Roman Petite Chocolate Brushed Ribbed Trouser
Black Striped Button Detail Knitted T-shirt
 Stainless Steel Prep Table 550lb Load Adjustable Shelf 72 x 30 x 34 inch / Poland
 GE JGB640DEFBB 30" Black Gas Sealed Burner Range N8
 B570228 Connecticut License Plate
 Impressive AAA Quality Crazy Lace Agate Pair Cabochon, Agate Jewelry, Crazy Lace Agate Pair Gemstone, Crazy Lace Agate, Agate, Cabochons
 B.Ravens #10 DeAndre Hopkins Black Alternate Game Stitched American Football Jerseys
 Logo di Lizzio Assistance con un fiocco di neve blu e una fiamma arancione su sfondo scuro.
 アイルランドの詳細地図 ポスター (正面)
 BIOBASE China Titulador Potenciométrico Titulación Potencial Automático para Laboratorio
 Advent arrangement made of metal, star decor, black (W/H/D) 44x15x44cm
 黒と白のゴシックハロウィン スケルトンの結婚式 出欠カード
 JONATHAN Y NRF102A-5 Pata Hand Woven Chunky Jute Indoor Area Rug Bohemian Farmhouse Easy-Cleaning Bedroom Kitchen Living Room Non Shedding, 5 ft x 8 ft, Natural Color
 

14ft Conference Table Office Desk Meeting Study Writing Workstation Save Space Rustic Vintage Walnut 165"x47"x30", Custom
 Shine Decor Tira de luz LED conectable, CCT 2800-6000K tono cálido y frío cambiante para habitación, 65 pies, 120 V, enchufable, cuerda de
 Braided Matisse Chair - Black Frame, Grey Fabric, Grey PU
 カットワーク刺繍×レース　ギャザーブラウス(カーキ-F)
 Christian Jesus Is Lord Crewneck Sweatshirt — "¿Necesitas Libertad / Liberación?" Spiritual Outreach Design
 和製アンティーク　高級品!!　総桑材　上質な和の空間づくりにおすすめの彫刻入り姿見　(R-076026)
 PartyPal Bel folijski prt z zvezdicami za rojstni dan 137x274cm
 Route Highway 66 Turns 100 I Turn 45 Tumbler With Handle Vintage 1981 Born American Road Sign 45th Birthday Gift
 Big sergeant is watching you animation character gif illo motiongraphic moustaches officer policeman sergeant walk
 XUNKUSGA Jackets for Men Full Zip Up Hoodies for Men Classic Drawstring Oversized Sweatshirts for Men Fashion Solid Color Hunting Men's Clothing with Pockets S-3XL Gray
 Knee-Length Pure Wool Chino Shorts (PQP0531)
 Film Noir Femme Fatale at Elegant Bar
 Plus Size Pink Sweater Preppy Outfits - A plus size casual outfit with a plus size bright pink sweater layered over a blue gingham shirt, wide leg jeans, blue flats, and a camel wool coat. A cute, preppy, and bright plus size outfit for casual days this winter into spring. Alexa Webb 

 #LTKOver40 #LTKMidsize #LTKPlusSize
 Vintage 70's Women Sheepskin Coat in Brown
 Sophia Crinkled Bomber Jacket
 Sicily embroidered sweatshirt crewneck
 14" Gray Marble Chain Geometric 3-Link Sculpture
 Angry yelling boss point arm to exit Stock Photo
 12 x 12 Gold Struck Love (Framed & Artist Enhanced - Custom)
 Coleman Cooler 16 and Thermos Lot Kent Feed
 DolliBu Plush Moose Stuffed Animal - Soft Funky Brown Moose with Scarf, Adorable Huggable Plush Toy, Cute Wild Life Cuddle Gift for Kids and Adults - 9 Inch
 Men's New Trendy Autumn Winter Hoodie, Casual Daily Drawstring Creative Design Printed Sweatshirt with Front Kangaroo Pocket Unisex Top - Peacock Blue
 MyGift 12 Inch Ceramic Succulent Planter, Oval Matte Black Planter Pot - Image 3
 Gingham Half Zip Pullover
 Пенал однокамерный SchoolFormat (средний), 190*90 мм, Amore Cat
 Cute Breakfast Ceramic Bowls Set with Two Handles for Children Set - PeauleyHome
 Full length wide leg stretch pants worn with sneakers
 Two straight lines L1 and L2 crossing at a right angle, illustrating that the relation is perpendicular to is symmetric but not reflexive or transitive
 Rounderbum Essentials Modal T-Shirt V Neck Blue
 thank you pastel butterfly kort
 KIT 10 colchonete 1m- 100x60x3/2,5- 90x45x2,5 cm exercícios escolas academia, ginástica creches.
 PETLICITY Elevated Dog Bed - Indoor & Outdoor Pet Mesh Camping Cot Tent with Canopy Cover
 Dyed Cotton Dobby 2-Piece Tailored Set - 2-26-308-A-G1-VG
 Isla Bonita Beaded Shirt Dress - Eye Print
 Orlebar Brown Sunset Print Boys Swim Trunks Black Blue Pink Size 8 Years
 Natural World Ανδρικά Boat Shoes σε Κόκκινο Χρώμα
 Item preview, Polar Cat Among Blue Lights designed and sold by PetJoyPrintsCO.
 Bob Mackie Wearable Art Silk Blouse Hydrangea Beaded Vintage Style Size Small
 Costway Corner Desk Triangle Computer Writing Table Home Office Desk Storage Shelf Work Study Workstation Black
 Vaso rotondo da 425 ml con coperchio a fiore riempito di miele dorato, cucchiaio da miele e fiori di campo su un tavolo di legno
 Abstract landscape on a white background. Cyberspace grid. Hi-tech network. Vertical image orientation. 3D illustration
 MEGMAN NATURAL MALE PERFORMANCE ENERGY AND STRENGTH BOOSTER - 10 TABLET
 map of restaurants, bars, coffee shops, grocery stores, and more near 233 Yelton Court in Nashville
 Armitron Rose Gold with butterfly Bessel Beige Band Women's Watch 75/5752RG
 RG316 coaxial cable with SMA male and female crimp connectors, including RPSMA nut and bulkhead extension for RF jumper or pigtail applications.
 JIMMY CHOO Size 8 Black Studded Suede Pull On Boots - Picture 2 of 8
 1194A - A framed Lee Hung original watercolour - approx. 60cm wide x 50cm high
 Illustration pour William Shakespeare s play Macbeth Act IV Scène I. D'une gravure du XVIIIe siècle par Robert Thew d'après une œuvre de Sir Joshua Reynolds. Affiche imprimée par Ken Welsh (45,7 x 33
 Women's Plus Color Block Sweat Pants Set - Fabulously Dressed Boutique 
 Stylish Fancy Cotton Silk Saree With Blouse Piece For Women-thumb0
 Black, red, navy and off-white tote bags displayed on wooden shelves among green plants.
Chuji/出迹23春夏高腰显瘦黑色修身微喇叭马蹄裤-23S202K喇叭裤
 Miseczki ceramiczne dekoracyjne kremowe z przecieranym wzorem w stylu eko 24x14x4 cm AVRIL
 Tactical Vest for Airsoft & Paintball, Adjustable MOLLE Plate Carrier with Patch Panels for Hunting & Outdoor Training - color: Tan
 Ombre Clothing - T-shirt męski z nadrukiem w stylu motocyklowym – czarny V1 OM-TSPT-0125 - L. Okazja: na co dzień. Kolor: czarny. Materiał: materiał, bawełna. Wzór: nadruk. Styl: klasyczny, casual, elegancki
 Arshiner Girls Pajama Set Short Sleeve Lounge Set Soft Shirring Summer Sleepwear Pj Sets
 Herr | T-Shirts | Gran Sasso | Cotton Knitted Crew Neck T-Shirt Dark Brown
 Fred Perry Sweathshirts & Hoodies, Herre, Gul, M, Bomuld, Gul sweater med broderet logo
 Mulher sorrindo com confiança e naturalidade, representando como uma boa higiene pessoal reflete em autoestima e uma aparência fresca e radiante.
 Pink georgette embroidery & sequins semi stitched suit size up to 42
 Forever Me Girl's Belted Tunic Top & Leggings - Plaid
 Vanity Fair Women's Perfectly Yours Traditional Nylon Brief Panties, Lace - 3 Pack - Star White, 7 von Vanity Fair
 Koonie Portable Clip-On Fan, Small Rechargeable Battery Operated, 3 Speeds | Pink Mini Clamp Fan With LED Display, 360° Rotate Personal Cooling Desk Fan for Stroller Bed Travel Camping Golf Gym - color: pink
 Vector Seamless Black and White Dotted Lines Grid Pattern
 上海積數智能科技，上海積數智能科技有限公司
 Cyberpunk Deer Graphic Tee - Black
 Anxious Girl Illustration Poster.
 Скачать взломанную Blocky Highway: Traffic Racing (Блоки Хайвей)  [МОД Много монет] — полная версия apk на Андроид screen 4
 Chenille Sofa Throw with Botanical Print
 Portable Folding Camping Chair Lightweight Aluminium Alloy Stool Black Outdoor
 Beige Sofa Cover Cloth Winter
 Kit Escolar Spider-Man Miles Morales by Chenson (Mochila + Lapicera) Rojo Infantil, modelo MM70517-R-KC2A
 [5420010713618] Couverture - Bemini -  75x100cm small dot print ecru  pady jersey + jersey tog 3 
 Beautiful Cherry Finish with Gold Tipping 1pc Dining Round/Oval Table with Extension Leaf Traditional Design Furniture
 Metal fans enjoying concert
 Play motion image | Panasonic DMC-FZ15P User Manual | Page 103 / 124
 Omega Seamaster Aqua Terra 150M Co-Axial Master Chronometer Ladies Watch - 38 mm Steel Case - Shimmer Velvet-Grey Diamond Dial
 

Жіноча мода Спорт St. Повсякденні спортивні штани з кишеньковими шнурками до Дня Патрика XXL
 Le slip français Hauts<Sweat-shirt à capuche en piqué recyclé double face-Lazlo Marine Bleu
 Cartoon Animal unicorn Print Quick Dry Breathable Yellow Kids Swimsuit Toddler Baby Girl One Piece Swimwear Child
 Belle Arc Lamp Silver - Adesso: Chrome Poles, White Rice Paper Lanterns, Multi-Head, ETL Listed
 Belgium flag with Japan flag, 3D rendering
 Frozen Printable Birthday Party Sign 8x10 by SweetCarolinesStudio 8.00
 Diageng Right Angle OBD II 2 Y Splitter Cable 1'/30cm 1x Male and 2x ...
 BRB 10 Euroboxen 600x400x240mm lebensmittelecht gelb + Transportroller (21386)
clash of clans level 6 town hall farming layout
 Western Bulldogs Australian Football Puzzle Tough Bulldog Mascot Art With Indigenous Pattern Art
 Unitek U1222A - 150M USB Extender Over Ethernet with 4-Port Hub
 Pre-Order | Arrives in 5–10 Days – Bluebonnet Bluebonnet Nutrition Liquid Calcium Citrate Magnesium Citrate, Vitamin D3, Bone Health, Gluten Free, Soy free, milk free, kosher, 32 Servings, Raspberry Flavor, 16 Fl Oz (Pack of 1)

TASK TO CARRY OUT ▸ Copy exactly. The range runs from the line containing "Belle Arc Lamp" through the last line of the data.

TASK SOLUTION ▸
 Belle Arc Lamp Silver - Adesso: Chrome Poles, White Rice Paper Lanterns, Multi-Head, ETL Listed
 Belgium flag with Japan flag, 3D rendering
 Frozen Printable Birthday Party Sign 8x10 by SweetCarolinesStudio 8.00
 Diageng Right Angle OBD II 2 Y Splitter Cable 1'/30cm 1x Male and 2x ...
 BRB 10 Euroboxen 600x400x240mm lebensmittelecht gelb + Transportroller (21386)
clash of clans level 6 town hall farming layout
 Western Bulldogs Australian Football Puzzle Tough Bulldog Mascot Art With Indigenous Pattern Art
 Unitek U1222A - 150M USB Extender Over Ethernet with 4-Port Hub
 Pre-Order | Arrives in 5–10 Days – Bluebonnet Bluebonnet Nutrition Liquid Calcium Citrate Magnesium Citrate, Vitamin D3, Bone Health, Gluten Free, Soy free, milk free, kosher, 32 Servings, Raspberry Flavor, 16 Fl Oz (Pack of 1)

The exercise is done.